Because of classroom situations like this, I along with a few dedicated colleagues have spent the past year researching how values and ethics can be better taught in entrepreneurship courses. I am encouraged by the existing models for mission-driven organizations available in the field of social entrepreneurship. I am emboldened by the comprehensive scholarship and teaching of ethics programs that serve all students. I find further confidence in the conversations we’ve had with ethicists at law, medical, business and engineering schools. Those specialties in professional graduate schools began offering ethics courses long ago.

Our mission at Stanford became to ensure that entrepreneurship courses would be available to every student, regardless of their major or school of study.

Our goal is to create classroom environments that encourage students to establish their own principles-based worldview. What if each student creates their own personal mission statement, to define for themselves the values that will guide them? But to do that I have first have to ask questions of myself as an educator. I must find some approximate answer to questions like: What does principled entrepreneurship mean?
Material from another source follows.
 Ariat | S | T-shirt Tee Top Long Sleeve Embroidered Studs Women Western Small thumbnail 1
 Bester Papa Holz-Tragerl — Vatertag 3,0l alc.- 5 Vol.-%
Can it vary per entrepreneur? Are there any immutable principles for entrepreneurs?

A Different Kind of Value Creation

When teaching ethical behavior in my own classroom, I have found success using role-play simulations with students. For many years in the first course of our Mayfield Fellows Program at Stanford, the source of our simulation was the “Randy Hess” case study, based loosely on the MiniScribe fraud case of the 1980s and developed by the distinguished author Jim Collins. Students prepare by reading the case and during class, a student would volunteer for the role of “Randy Hess”. While some other students took on the role of other employees at the startup and its audit firm, I played the role of of the unethical CEO.
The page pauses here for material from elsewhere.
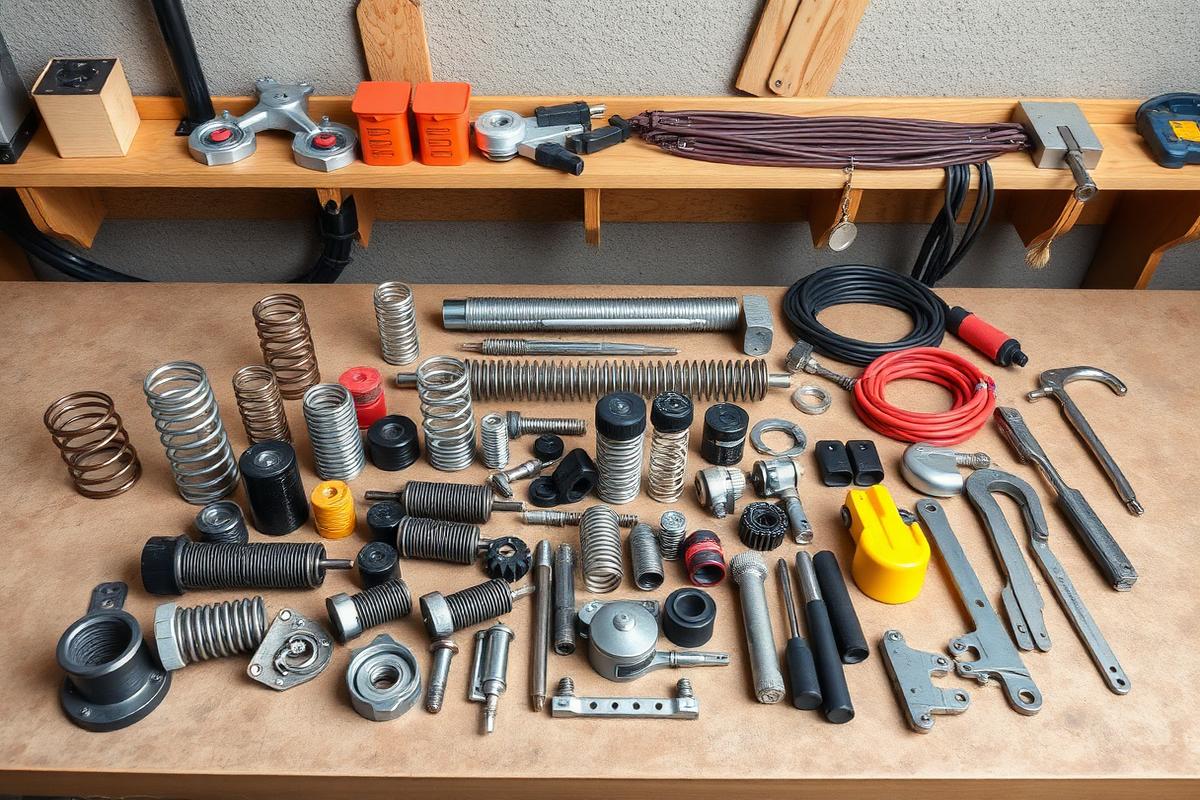 Garage door parts including springs, cables, rollers, and hinges laid out for repair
As that CEO, I would try to persuade the student playing Hess, a member of the finance department, to remedy a revenue shortfall with an illegal “adjustment” to the accounting records. Coming into the class, students were certain that they could not be compelled into doing something they know to be wrong. Then the roleplay would begin. As the CEO, I would use various negative influence techniques. If necessary, I even threatened (falsely) to give the student a bad grade in the course. The environment in the class would become tense, and more often than not the “Randy Hess” student relented. We would stop the case and talk about ways to protect yourself from the negative forces of influence and persuasion. They understood the importance of the conversation. The students had just seen how most everyone, even in role-play simulations, has a breaking point.
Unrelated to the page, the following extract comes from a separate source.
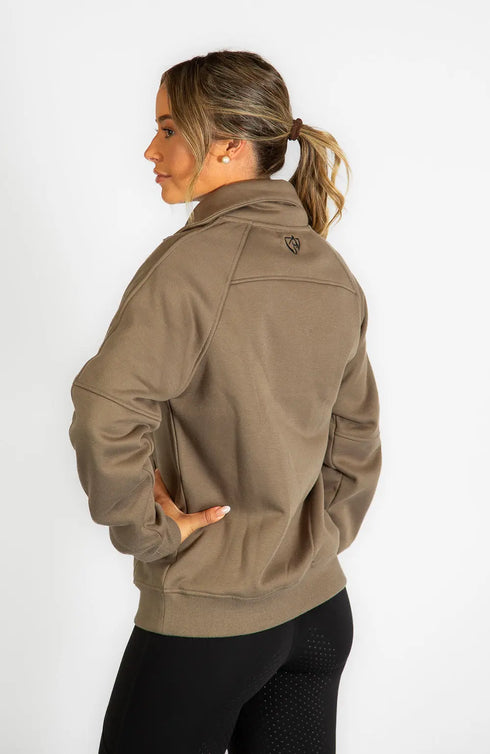 BARE Quarter Zip Teddy Pullover Sweater - Walnut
Role playing is the method I choose, but the material about motivation and persuasion comes from the work of psychologist and Professor Robert Cialdini. In his bestselling book Influence, Cialdini lists the six factors of influence: reciprocity, scarcity, authority, consistency, liking and consensus. In the Randy Hess role play, I would offer to do something nice for the student playing Hess and then ask for adjusted books in return (reciprocity). I would tell the Hess student that everyone does things like this sometimes (consensus). I’d appeal to the idea of Hess’s personality and sense of duty, suggesting that adjusting the books would make sense since “he’s the kind of guy who would help his company in a hard time” (consistency).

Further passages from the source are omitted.